## EXERCISE REQUIREMENTS
Only the lines from the top of the data through the line with "Highly absorbable vitamin" should be repeated, each exactly as written.

[Data extracted from a collection]
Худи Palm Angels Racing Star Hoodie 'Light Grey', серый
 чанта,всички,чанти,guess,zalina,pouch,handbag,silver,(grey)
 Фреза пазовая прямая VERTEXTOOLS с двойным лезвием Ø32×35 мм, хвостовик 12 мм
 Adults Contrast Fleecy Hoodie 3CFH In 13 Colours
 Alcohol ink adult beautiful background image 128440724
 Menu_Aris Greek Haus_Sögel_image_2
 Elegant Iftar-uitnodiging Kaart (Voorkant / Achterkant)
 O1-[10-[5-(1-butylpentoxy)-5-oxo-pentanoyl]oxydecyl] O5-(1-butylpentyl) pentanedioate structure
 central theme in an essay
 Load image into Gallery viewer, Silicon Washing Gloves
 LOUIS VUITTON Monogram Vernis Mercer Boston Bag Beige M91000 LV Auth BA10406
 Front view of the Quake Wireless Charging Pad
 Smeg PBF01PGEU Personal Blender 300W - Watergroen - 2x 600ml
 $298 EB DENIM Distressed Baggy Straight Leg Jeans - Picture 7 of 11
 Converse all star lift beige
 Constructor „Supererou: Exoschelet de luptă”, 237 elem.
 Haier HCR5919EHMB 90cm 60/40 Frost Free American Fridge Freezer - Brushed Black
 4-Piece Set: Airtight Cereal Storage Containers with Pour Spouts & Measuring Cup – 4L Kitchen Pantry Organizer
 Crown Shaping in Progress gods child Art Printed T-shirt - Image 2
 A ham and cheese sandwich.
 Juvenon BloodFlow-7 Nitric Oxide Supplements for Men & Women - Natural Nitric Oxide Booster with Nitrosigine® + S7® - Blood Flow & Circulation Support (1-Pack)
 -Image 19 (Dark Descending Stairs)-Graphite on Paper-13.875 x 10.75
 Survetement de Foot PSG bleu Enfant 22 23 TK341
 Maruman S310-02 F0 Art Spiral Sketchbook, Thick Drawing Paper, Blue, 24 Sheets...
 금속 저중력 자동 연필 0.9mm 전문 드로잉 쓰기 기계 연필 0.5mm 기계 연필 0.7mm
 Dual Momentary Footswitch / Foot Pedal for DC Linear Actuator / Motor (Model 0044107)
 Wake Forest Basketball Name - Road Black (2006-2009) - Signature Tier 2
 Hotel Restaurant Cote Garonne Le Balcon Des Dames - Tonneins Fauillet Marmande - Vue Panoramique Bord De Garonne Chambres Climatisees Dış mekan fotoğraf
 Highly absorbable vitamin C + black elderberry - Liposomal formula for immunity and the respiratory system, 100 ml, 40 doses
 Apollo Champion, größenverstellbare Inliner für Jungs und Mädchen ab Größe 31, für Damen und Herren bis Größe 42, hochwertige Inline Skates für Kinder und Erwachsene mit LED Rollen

## THE ANSWER
Худи Palm Angels Racing Star Hoodie 'Light Grey', серый
 чанта,всички,чанти,guess,zalina,pouch,handbag,silver,(grey)
 Фреза пазовая прямая VERTEXTOOLS с двойным лезвием Ø32×35 мм, хвостовик 12 мм
 Adults Contrast Fleecy Hoodie 3CFH In 13 Colours
 Alcohol ink adult beautiful background image 128440724
 Menu_Aris Greek Haus_Sögel_image_2
 Elegant Iftar-uitnodiging Kaart (Voorkant / Achterkant)
 O1-[10-[5-(1-butylpentoxy)-5-oxo-pentanoyl]oxydecyl] O5-(1-butylpentyl) pentanedioate structure
 central theme in an essay
 Load image into Gallery viewer, Silicon Washing Gloves
 LOUIS VUITTON Monogram Vernis Mercer Boston Bag Beige M91000 LV Auth BA10406
 Front view of the Quake Wireless Charging Pad
 Smeg PBF01PGEU Personal Blender 300W - Watergroen - 2x 600ml
 $298 EB DENIM Distressed Baggy Straight Leg Jeans - Picture 7 of 11
 Converse all star lift beige
 Constructor „Supererou: Exoschelet de luptă”, 237 elem.
 Haier HCR5919EHMB 90cm 60/40 Frost Free American Fridge Freezer - Brushed Black
 4-Piece Set: Airtight Cereal Storage Containers with Pour Spouts & Measuring Cup – 4L Kitchen Pantry Organizer
 Crown Shaping in Progress gods child Art Printed T-shirt - Image 2
 A ham and cheese sandwich.
 Juvenon BloodFlow-7 Nitric Oxide Supplements for Men & Women - Natural Nitric Oxide Booster with Nitrosigine® + S7® - Blood Flow & Circulation Support (1-Pack)
 -Image 19 (Dark Descending Stairs)-Graphite on Paper-13.875 x 10.75
 Survetement de Foot PSG bleu Enfant 22 23 TK341
 Maruman S310-02 F0 Art Spiral Sketchbook, Thick Drawing Paper, Blue, 24 Sheets...
 금속 저중력 자동 연필 0.9mm 전문 드로잉 쓰기 기계 연필 0.5mm 기계 연필 0.7mm
 Dual Momentary Footswitch / Foot Pedal for DC Linear Actuator / Motor (Model 0044107)
 Wake Forest Basketball Name - Road Black (2006-2009) - Signature Tier 2
 Hotel Restaurant Cote Garonne Le Balcon Des Dames - Tonneins Fauillet Marmande - Vue Panoramique Bord De Garonne Chambres Climatisees Dış mekan fotoğraf
 Highly absorbable vitamin C + black elderberry - Liposomal formula for immunity and the respiratory system, 100 ml, 40 doses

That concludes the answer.